The principle laid down by this court in the case of U. S. vs. Feria, which is cited in the Attorney-General's buried, is not applicable here, for the facts in that case and in this are not identical. Therein it was proved in a certain and positive manner, and expressly so stated in the decision, that the victim was caught and held by one of his assailants unexpectedly and suddenly, allowing him, therefore, neither time nor place to prepare his defense, which does not happen in the case at bar, wherein the solitary fact only appears to be proved that one of the defendants was holding the victim by the right arm while he was wounded by the other, without any record, as stated above, either of the circumstances that immediately preceded the exact moment of the affray, or of the manner and conditions whereunder the affair developed and took place, knowledge whereof would be absolutely necessary and indispensable in order to be able to determine with exactness whether that act was or was not treacherous under the law. The suddenness and unexpectedness of the act of seizing and holding the victim, thereby depriving him of any offensive or defensive action from the first instant, are what characterize the treachery in the case against Feria, this being also what distinguishes that case from the present, wherein it does not appear to be definitely demonstrated that the victim was seized and held suddenly or unexpectectedly.

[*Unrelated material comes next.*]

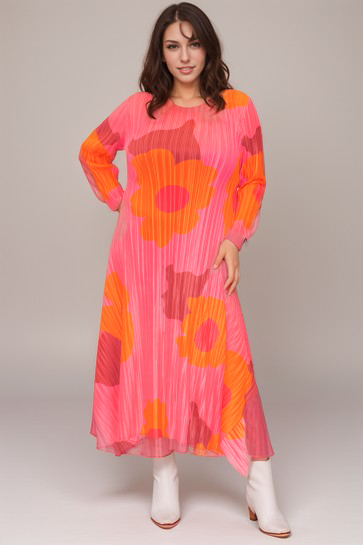 Printed Round Neck Pleated Dress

The judgment appealed from is affirmed, with costs of this instance against the appellant.

Arellano, C.J., Johnson, Carson and Trent, JJ., concur.

 

 

 

Separate Opinions

 

Torres, J., dissenting:

In spite the respect to which the opinion of the majority is entitled, I am wholly of the opinion that the case at bar should be classified as murder, from the concurrence of the specific circumstance of treachery (alevosia), which appears to have been proven at the trial by the testimony of Marciana Mamaboy, who upon hearing from her house the cries of the victim arose and then saw Tomas Cueva at that instant withdrawing from the left side of the victim's abdomen the weapon with which he had attacked him, while Platon Cueva was holding him by the right arm; and that when she went to her husband, who was stretched out on the ground mortally wounded, he told her that Tomas Cueva had inflicted the wounds he had with a sharp-pointed of bamboo, while Platon Cueva had held him by the right arm.

This statement the victim, Jose Tilapan, repeated under oath before the justice of the peace, Antonio Miñosa, who conducted the preliminary investigation, further adding, as he had shortly before said to his wife, that he felt very badly from the severity of his wound and that he was sure he would die from it.

This statement under oath made a few moments before death by a person competent authority, constitutes along with the testimony of the eyewitness Mamaboy complete and definite proof of how the crime was committed.

Since two witnesses watched the commission of the testimony of the crime, one of them the victim himself, whose testimony goes back to the beginning of the assault and is not open to question in view of the circumstances under which it was given; and such proof of the treachery (alevosia) is corroborated by the bad feeling that existed between the assailants and the victim, by the presence of Platon in the commission of the assault and by the bond of relationship that unites them, I therefore believe that the surviving defendant should be found guilty of murder, although in its minimum degree, by the application of article 11 of the Penal Code as last amended.